Un calo prezzi di oltre il 50% per arance, pomodori e peperoni. Ma sugli scaffali il costo per i consumatori rimane invariato. Così deflazione e clima mandano a picco interi settori agricoli
«Oggi gli agricoltori devono vendere 3 litri di latte per bersi un caffè». L’ennesima denuncia viene da Coldiretti che analizza i dati Istat sull’inflazione. Ad aprile scendono i prezzi di molti prodotti nelle campagne italiane. A rimetterci sono solo i produttori visto che sugli scaffali i consumatori trovano i prezzi invariati. Le percentuali sono a due cifre: -24%per il grano duro, -34%per il latte, –48%per i pomodori e addirittura -57% e -54% per arance e peperoni.
Tra deflazione e climate change
I fattori che generano questa tendenza al ribasso sono diversi. Il primo è l’anticipo dei calendari di maturazione: il cambiamento del clima mondiale incide non poco sulla produzione agricola. E fa anticipare il raccolto per molte coltivazioni. L’inverno appena trascorso è stato considerato il più caldo di sempre e ha portato sui banchi di frutta e verdura in anticipo di quasi un mese le fave. La vendita precoce di alcuni ortaggi o frutti fuori stagione provoca un accavallamento delle vendite e una diminuzione dei prezzi per un eccesso di offerta. Per non parlare poi del fatto che frutti già maturi molto prima del loro periodo possono essere facilmente distrutti da eventi climatici imprevedibili, più rari in primavera. A farne le spese, ancora una volta, gli agricoltori che corrono il rischio di trovarsi con il raccolto distrutto molto prima del tempo.
Importazioni e made in Italy
I prezzi subiscono la pressione anche delle importazioni dall’estero di prodotti che hanno contribuito a creare l’immagine del made in Italy. Ultimo in ordine di tempo il caso dell’abbattimento della tassa sull’ingresso di olio tunisino in Italia. In realtà, già gran parte dell’olio venduto in Italia viene dall’estero. Il vero problema denunciato dalle associazioni dei consumatori sono le frodi: marchi di olio italiano che mescolano nelle bottiglie prodotti che italiani non sono. Spesso senza nemmeno un’indicazione in etichetta che permetta a chi compra di scegliere.
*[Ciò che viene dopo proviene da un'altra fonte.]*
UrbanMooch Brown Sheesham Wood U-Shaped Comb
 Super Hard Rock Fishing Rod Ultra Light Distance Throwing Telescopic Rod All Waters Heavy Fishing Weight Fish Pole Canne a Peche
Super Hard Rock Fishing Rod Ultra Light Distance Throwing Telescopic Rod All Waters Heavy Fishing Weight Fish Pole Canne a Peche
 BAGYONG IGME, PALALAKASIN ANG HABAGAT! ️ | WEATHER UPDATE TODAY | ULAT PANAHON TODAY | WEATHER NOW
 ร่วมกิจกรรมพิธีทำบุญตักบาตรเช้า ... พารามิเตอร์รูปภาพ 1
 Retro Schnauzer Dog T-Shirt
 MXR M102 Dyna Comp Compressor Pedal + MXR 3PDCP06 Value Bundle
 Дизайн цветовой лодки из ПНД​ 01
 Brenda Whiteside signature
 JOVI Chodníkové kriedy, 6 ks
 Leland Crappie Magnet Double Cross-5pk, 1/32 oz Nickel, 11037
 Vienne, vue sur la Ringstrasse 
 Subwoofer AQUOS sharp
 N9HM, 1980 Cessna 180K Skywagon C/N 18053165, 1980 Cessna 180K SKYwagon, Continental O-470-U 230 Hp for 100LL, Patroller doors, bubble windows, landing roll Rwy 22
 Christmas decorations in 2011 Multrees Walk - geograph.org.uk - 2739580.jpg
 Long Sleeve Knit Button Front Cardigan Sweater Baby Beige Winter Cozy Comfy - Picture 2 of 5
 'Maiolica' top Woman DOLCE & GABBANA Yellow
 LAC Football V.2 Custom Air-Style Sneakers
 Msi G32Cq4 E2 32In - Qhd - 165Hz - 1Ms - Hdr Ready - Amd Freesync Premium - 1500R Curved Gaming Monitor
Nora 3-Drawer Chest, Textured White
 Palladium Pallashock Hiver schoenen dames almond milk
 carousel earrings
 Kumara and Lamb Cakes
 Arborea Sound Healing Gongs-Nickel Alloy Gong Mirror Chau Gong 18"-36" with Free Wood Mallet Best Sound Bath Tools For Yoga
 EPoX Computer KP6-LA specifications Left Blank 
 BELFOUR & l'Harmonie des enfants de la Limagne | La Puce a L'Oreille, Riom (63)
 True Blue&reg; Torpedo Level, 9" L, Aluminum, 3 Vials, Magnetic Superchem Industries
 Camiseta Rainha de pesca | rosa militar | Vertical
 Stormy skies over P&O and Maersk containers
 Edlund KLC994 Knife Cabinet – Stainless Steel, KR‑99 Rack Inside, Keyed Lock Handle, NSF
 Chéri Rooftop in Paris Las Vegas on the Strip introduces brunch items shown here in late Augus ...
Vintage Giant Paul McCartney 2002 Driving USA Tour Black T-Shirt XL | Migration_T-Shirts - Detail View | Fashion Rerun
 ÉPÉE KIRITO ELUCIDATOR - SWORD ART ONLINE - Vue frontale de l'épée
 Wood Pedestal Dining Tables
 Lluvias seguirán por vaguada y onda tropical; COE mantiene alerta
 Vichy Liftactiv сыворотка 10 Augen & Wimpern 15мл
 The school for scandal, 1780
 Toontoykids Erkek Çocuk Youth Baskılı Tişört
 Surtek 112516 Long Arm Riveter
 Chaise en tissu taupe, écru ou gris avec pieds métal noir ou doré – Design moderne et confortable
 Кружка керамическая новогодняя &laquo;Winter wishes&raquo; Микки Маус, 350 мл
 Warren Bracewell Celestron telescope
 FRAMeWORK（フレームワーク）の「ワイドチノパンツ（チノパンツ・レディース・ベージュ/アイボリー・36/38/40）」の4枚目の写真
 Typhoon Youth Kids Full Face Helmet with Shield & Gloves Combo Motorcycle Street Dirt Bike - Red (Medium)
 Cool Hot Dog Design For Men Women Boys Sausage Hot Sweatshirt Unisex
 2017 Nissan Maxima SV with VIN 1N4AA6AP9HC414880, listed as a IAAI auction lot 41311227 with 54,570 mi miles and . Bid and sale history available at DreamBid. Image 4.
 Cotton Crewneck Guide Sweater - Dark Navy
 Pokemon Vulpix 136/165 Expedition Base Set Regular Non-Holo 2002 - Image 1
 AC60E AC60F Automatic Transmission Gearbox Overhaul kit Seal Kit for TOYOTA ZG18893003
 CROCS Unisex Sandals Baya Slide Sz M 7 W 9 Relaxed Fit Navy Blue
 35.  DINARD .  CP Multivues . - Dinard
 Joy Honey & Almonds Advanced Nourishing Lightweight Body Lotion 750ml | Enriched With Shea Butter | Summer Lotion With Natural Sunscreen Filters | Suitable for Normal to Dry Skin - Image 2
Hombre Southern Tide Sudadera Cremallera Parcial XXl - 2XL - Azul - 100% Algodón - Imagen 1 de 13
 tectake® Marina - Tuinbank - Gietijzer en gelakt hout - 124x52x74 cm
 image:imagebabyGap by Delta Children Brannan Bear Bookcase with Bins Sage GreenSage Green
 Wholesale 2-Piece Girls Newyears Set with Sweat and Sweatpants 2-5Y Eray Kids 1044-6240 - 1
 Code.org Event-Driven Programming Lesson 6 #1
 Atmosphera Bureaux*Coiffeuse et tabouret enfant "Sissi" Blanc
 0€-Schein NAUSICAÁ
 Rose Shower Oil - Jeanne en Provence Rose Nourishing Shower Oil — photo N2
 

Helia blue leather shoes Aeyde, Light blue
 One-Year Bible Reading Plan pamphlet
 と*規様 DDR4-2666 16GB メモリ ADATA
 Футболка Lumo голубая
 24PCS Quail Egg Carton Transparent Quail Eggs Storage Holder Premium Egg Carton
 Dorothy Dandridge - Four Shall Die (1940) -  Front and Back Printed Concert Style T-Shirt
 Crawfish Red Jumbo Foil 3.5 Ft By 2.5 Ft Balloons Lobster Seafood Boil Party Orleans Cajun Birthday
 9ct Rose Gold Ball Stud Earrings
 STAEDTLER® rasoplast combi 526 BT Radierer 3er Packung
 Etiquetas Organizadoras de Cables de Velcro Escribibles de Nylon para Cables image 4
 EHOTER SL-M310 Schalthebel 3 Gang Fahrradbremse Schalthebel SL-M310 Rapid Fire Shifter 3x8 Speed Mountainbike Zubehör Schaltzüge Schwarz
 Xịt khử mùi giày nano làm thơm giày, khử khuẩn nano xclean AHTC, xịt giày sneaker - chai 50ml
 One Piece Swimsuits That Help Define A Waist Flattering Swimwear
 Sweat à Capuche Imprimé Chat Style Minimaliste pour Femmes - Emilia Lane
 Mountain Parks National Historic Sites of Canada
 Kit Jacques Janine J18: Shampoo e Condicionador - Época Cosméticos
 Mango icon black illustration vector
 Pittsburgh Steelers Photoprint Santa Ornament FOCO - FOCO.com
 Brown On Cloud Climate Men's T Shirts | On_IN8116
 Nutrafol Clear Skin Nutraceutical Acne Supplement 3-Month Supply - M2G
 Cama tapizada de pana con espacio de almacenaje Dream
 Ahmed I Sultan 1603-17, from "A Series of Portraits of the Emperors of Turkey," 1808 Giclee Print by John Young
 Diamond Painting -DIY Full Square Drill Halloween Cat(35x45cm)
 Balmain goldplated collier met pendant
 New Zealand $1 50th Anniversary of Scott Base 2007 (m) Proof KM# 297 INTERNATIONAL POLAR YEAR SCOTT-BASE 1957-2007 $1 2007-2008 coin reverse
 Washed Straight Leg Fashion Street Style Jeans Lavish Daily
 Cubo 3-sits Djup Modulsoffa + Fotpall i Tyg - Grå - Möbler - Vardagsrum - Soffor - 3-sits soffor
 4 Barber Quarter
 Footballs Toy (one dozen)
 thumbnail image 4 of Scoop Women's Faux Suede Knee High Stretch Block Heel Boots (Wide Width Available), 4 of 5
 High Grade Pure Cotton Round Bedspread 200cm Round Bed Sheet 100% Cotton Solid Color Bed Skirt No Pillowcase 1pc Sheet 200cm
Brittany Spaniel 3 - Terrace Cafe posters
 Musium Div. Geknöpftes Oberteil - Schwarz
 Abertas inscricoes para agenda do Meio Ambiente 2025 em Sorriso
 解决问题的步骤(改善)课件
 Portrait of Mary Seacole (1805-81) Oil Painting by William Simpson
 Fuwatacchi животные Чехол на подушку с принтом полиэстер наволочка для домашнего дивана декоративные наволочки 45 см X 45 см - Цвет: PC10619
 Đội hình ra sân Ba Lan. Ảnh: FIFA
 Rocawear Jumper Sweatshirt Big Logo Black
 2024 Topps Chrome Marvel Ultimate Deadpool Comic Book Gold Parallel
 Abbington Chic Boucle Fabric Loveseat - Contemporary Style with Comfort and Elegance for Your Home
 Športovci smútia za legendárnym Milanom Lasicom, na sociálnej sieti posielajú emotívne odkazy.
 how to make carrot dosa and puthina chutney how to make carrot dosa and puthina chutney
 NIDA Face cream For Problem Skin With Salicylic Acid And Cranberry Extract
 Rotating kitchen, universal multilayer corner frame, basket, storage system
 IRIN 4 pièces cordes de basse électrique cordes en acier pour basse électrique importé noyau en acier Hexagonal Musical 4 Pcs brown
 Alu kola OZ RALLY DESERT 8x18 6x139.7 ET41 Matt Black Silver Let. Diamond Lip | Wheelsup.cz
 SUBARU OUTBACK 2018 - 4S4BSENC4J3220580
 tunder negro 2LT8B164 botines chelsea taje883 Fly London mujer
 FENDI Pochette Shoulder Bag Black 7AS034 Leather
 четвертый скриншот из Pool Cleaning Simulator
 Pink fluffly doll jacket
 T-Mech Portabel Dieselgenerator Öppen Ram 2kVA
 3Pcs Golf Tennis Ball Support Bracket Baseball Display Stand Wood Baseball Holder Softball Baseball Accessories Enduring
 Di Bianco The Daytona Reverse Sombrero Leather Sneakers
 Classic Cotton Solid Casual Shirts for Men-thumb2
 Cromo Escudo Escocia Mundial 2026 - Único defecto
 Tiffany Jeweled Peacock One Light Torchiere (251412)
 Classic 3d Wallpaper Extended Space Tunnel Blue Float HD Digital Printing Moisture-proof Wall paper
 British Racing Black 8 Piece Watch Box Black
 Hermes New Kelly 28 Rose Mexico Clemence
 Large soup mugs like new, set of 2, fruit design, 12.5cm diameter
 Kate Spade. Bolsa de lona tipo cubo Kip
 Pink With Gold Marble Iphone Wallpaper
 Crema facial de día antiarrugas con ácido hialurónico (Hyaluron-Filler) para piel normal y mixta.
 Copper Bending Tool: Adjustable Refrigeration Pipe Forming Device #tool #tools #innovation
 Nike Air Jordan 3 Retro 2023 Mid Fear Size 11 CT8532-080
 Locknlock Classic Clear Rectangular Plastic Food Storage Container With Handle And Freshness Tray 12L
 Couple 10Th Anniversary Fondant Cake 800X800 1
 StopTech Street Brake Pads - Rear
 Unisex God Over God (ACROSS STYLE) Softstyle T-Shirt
Oltre al caso tunisino, condizioni favorevoli per le esportazioni sono state concesse anche al Marocco e all’Egitto per pomodori, arance, clementine, fragole, uva, finocchi, carciofi e altri prodotti. L’aumento dell’offerta sul mercato italiano e l’eccessiva competitività dei prodotti stranieri hanno spesso costretto gli agricoltori a manifestare: i costi per la produzione sono sempre più difficili da coprire e spesso si preferisce non raccogliere affatto. Una distorsione del mercato particolarmente evidente al sud, nelle piantagioni di arance di Calabria e Sicilia, lasciate marcire sotto il peso della crisi.
Il rischio per la salute
Uno degli argomenti utilizzati dagli agricoltori italiani per opporsi alle importazioni di ortaggi e frutta dall’estero è lo scarso controllo sulla qualità dei prodotti in entrata. Soprattutto perchè in alcuni dei Paesi da cui arrivano i prodotti a basso costo è permesso l’utilizzo di pesticidi che in Europa sono vietati. Anche l’Agenzia europea per la sicurezza alimentare aveva parlato di rischi per la salute. Accusato l’uso di additivi chimici e coloranti soprattutto da parte della Cina. La difficile tracciabilità all’interno di prodotti lavorati in Italia della provenienza degli ingredienti, espone praticamente tutti all’assunzione di cibi contaminati. Anche quando si mangiano piatti venduti come simboli dell’italianità (vedi la pizza), ma assemblati con materie prime provenienti dall’altra parte del globo.
Nemmeno gli allevatori se la passano bene
La Coldiretti a febbraio ha richiamato l’attenzione anche sui danni subiti dal settore agroalimentare a causa dell’embargo russo. La chiusura delle esportazioni di alimenti Made in Italy a causa della politica russa in Ucraina è costata all’Italia la perdita di 240 milioni di euro. Tra i prodotti bloccati ortofrutta, formaggi, carni e salumi. Le stalle italiane ne hanno subito le conseguenze perché la mancata vendita del bestiame ha reso difficile anche coprire le spese per l’alimentazione degli animali.